The real estate market seems to have stabilized in the second half of last year. That is the conclusion of the ERA real estate barometer. However, sellers with the best energy label A receive a lot more money than sellers of a similar house with label D.
Zero growth in house prices
At first glance, 2022 appears to have been a year like the one before for the real estate market. The rise in house and apartment prices that we have seen for several years now seems to have continued. Homes were on average 6.1 percent more expensive last year than in 2021, apartments became 4.8 percent more expensive. This is evident from the annual ERA real estate barometer. In that barometer, economist Sven Damen (UAntwerp) compares the more than 60,000 transactions that the largest brokerage group in Flanders has done over the past eighteen years.
Although that average price over a whole year hides important shifts. Growth for both apartments and houses came to a standstill in the second half of the year. For example, the average house price rose by 0.5 percent from the second to the fourth quarter. That is why ERA CEO Johan Krijgsman speaks of “zero growth” in house prices. “There is no doubt that the real estate market is slowing down.”
“That is not surprising,” says Damen. “In that period, interest rates also rose sharply (the ten-year long-term interest rate is now regarding 3 percent, in June it was 1.6 percent, in January 2022 0.2 percent, PG). We know from research that there is a strong relationship between mortgage interest rates and real estate prices.” When borrowing from the bank becomes more expensive, potential buyers can spend less on a home. According to Krijgsman and Damen, that also makes it so difficult to make predictions for the coming year: a great deal will depend on how (long-term) interest rates evolve.

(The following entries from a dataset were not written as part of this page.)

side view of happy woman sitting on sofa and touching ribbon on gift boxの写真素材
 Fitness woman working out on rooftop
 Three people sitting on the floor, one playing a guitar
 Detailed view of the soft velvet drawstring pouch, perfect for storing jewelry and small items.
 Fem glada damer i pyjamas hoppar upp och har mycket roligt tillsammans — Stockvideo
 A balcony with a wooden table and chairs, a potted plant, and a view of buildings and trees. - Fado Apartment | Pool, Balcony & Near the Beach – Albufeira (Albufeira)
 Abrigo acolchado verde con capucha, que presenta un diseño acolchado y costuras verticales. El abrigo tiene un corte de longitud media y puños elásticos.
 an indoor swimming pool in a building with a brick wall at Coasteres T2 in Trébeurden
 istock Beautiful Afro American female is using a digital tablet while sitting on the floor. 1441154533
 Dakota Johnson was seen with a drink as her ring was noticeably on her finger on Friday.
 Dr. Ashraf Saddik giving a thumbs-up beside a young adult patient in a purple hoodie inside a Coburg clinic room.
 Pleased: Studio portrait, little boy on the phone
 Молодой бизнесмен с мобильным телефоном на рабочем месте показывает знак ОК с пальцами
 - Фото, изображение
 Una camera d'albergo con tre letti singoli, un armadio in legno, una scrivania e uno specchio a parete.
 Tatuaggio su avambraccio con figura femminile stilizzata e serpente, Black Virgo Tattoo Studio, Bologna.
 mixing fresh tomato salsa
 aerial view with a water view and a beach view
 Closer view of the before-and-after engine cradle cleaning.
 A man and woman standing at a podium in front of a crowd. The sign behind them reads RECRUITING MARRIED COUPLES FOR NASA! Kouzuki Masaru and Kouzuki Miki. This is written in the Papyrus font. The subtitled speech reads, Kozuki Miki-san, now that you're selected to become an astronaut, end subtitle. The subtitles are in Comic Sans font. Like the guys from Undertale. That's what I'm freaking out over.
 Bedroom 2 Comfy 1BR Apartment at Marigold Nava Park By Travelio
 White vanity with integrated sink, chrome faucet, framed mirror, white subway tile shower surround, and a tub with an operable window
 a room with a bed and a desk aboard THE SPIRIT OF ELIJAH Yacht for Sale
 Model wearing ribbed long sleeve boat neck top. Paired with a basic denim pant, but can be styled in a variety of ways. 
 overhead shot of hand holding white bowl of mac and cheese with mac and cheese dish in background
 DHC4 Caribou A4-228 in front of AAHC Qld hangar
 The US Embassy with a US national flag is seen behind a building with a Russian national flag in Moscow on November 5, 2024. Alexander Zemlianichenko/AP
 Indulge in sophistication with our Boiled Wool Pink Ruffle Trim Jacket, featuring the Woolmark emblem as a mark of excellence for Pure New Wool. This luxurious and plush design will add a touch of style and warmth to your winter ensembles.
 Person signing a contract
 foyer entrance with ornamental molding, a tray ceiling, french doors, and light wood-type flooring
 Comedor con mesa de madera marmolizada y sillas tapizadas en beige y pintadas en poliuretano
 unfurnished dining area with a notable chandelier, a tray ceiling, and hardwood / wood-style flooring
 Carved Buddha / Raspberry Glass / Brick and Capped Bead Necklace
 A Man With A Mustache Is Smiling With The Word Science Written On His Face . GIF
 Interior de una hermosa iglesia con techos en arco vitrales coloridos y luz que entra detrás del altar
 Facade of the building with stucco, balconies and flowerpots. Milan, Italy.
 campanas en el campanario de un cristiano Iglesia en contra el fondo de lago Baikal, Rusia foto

It is striking, by the way: since the beginning of the measurements with the data from ERA, the difference between the price rises of homes and inflation has never been greater. Last year, the average inflation was 9.6 percent. That is well above the average price increases of houses (6.1 percent) and apartments (4.8 percent).
Another sign that the real estate market cooled down a bit in the second half of the year: on average, houses remained for sale longer than in 2021. At the beginning of 2022, this was 81 days. By the end of the year, houses had been on the market for 91 days. “That is certainly not a sign that the market is in crisis, but houses that are more difficult to sell clearly stay longer,” says Krijgsman.
EPC value as important as previous years
Since the war in Ukraine sent energy prices through the roof, we have all become much more aware of the cost of a warm house. Nothing is as important for this as the energy label of the home.
Unsurprisingly, this also translates into a higher price for better insulated homes. Last year, a house with EPC label A cost an average of 17.9 percent more than a similar house with label D.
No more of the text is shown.